For questions about different types of noise a quantum computer (or qubits) may experience; how this affects the outcome of the computation; how to reduce a specific type of noise on a specific implementation of quantum computer; or how to simulate noise.
Noise is a general term for unwanted modifications that a signal may suffer during capture, storage, transmission, processing, or conversion. [1]
In the context of Quantum Computing, noise can be a number of different things, although generally either arises as a result of an interaction with an environment, also sometimes referred to as a bath, or as a result of the Heisenberg uncertainty principle.
Representing noise
Shot noise: Is Poissonian noise that arises from a process such as tunnelling electrons or fluctuations in the number of photons as a result of the uncertainty principle. Using e.g. squeezed light states can give sub-poissonian statistics (where the variance is less than that of Poissonian statistics with the same mean), often referred to as below the shot noise limit. Similarly, can also have super-Poissonian statistics.
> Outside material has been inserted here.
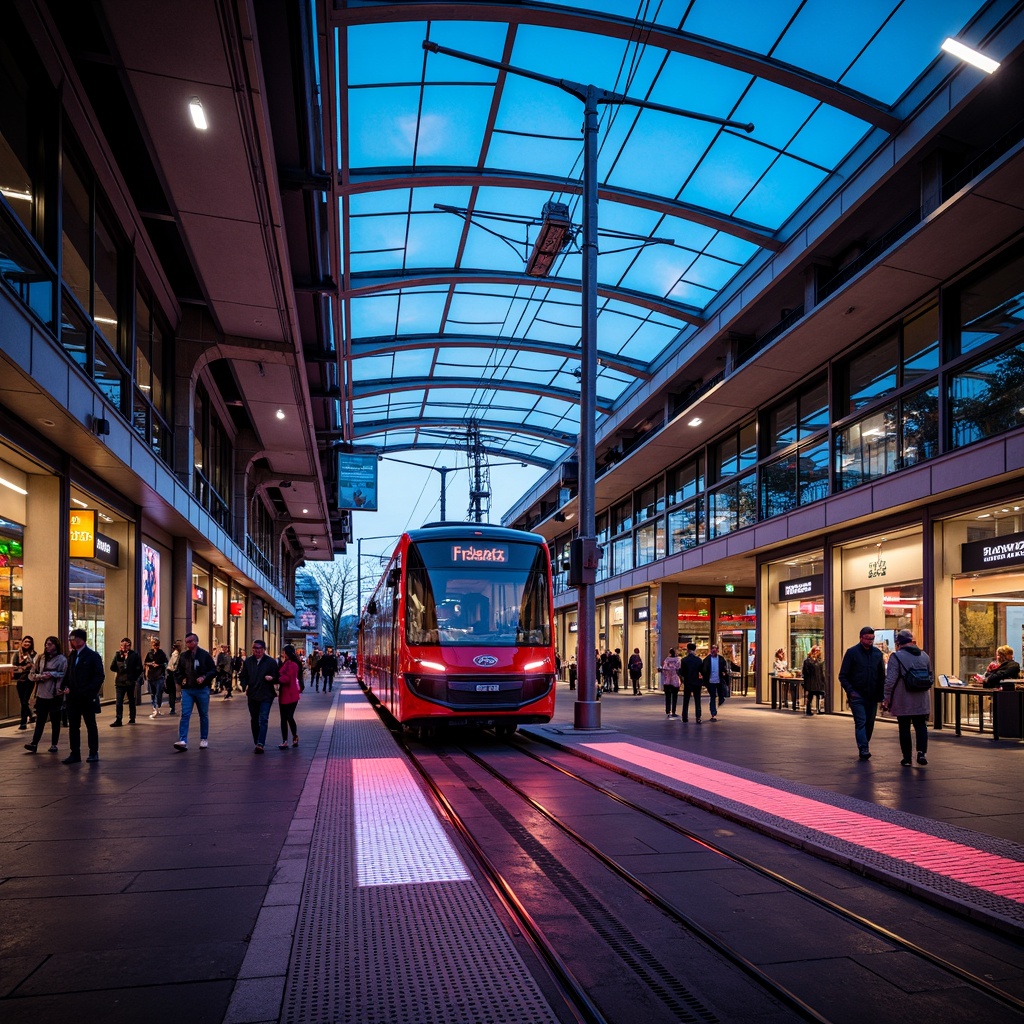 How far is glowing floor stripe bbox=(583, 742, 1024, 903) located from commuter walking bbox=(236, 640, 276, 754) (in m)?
5.98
Markovian noise: Where the environment is unable to 'remember' what has happened in the past. Often a good approximation. Leads to the Lindblad Master equation, also known as the Lindbladian. Can either be described in a 'coarse grained' manner (useful for simulations) or a more continuous manner.
Kraus operators: Described using a quantum channel where (usually) a single operation of the Kraus operators is performed.
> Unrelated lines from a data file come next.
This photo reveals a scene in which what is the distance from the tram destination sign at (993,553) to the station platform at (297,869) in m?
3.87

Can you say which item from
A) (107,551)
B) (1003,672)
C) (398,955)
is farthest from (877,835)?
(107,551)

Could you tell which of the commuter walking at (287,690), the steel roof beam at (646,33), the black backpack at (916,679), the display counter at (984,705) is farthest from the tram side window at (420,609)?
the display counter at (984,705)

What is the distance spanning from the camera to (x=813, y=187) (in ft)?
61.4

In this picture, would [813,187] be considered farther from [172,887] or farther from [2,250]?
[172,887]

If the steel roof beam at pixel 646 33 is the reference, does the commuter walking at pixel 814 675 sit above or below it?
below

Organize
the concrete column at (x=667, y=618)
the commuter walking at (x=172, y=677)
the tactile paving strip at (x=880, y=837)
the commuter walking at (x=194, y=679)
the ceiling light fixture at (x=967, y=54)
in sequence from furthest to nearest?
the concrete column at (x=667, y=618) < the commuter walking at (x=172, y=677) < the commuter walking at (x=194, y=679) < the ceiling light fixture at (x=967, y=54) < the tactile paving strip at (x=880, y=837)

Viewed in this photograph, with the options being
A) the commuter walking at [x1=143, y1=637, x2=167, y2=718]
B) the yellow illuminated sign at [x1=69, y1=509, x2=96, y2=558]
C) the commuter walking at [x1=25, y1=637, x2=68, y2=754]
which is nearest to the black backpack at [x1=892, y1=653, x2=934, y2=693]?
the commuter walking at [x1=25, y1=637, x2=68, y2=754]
Non-Markovian noise: A more realistic noise model than Markovian; the assumption that the environment forgets the past is forgotten. As a result, the environment can act not entirely dissimilarly to some form of memory. Can lead to phenomena such as entanglement revival and other effects where noise that arises from Markovian noise is reversed to a certain extent.
Common types of noise on qubits
Dephasing: Causes the system to decohere - this gets rid of/reduces the entanglement (i.e. coherence) of the system, necessarily making it more mixed, unless already maximally mixed.
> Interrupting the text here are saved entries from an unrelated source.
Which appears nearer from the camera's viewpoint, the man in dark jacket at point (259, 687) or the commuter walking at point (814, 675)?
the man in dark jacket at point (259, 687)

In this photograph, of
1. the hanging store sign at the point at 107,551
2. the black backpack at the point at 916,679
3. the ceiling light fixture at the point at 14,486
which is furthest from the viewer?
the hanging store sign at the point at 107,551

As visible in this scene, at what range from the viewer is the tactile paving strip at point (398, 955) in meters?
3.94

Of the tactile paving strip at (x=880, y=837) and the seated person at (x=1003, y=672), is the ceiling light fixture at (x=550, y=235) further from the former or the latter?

Depolarising: Upon measuring, either a bit flip ($\sigma_x$), phase flip ($\sigma_z$), or both bit and phase flip ($\sigma_y$) will have occurred with some probability.
Amplitude Damping: Represents the system decaying from one state to a different state, such as when an atom emits a photon. Leads to a simple version of coherence times.
Measuring noise
- Fidelity: Measures how much two quantum states overlap. Often used to characterise quantum processors by comparing the final output state with the ideal result. Is a number between $0$ and $1$.
- Other distance measures: Other measures, such as the 1-norm/trace distance also exist, which measure the difference between two states.
One of the biggest challenges currently facing quantum computing is that of reducing (by a myriad of experimental techniques) and mitigating (by quantum error correction) the amount of noise on a system.
References and further reading:
[1] Wikipedia page on Noise (signal processing)
Nielsen, M.A. and Chuang, I.L., 2010. Quantum computation and quantum information. Cambridge university press.